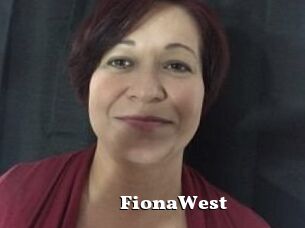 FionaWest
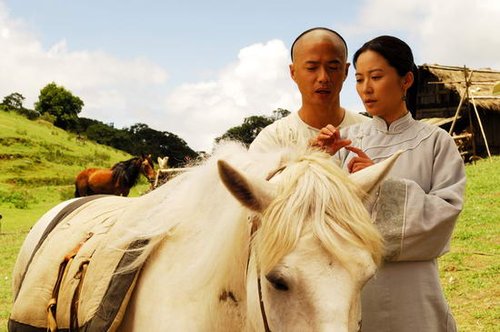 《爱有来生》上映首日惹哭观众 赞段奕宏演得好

───

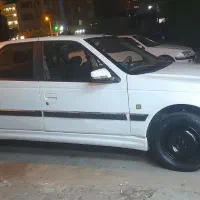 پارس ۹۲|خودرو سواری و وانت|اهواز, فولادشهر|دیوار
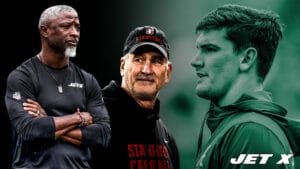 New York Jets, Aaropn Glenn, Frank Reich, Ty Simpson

───

Everything above from the line containing "پارس ۹۲|خودرو سواری" down to the line containing "New York Jets, Aaropn" is to be duplicated exactly, both lines included, and the pictures are to be omitted.

 پارس ۹۲|خودرو سواری و وانت|اهواز, فولادشهر|دیوار
 New York Jets, Aaropn Glenn, Frank Reich, Ty Simpson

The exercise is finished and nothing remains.